▶ [Action item]: The stretch from the line with "RS PRO Orange" through the line with "Свадебный гость Недорогие" in the records below: write it out exactly, and nothing else.

▶ [Data for this task]:
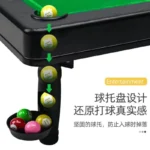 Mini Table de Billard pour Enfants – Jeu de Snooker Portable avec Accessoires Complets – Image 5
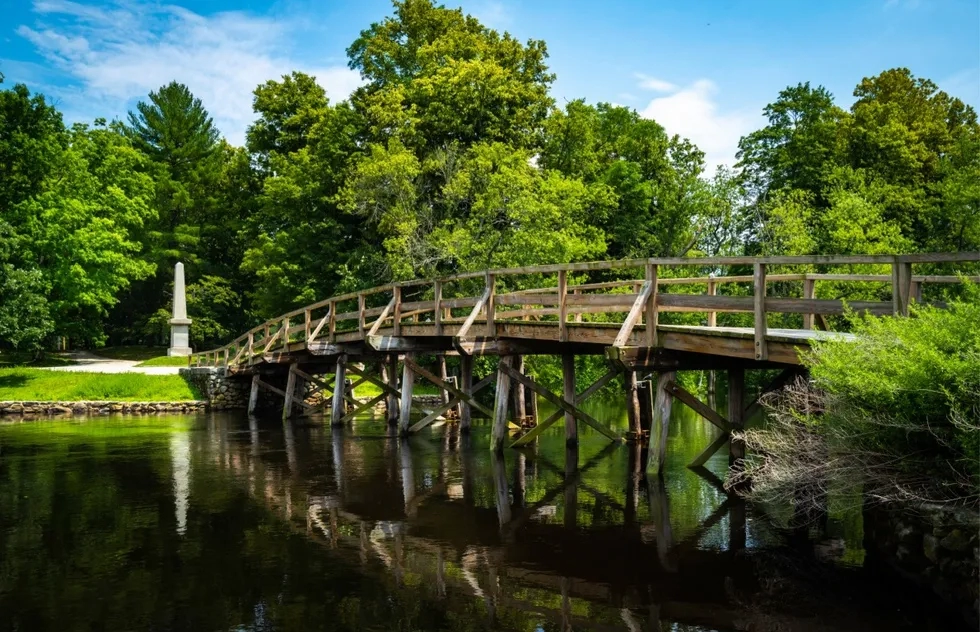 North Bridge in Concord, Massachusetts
* * *
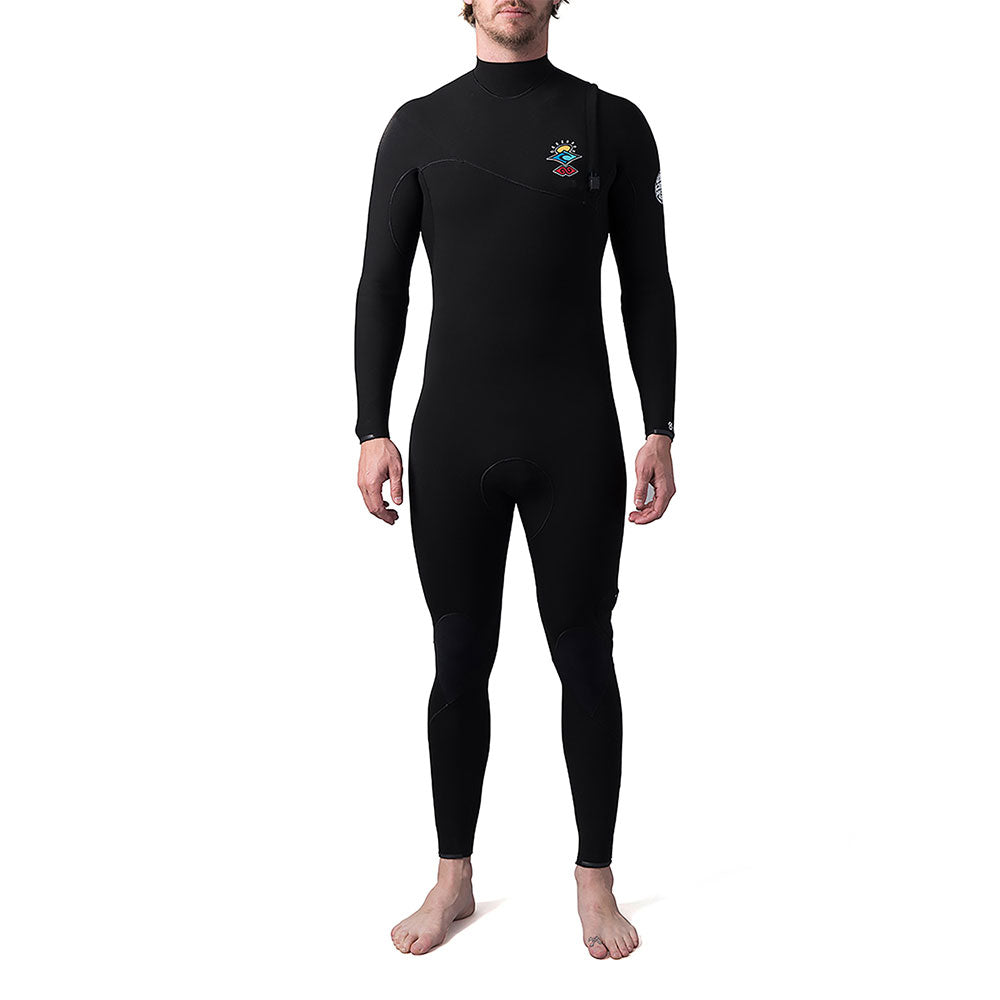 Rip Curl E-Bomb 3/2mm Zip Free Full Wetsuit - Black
---
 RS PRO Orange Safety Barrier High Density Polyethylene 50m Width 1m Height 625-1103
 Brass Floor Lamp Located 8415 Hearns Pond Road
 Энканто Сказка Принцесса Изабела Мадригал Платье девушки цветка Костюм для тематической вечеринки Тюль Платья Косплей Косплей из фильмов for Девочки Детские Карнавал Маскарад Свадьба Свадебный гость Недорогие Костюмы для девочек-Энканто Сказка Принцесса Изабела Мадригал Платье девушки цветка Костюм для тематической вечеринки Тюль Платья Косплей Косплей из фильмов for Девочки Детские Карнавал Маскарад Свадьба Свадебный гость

▶ [Solution to this exercise]:
 RS PRO Orange Safety Barrier High Density Polyethylene 50m Width 1m Height 625-1103
 Brass Floor Lamp Located 8415 Hearns Pond Road
 Энканто Сказка Принцесса Изабела Мадригал Платье девушки цветка Костюм для тематической вечеринки Тюль Платья Косплей Косплей из фильмов for Девочки Детские Карнавал Маскарад Свадьба Свадебный гость Недорогие Костюмы для девочек-Энканто Сказка Принцесса Изабела Мадригал Платье девушки цветка Костюм для тематической вечеринки Тюль Платья Косплей Косплей из фильмов for Девочки Детские Карнавал Маскарад Свадьба Свадебный гость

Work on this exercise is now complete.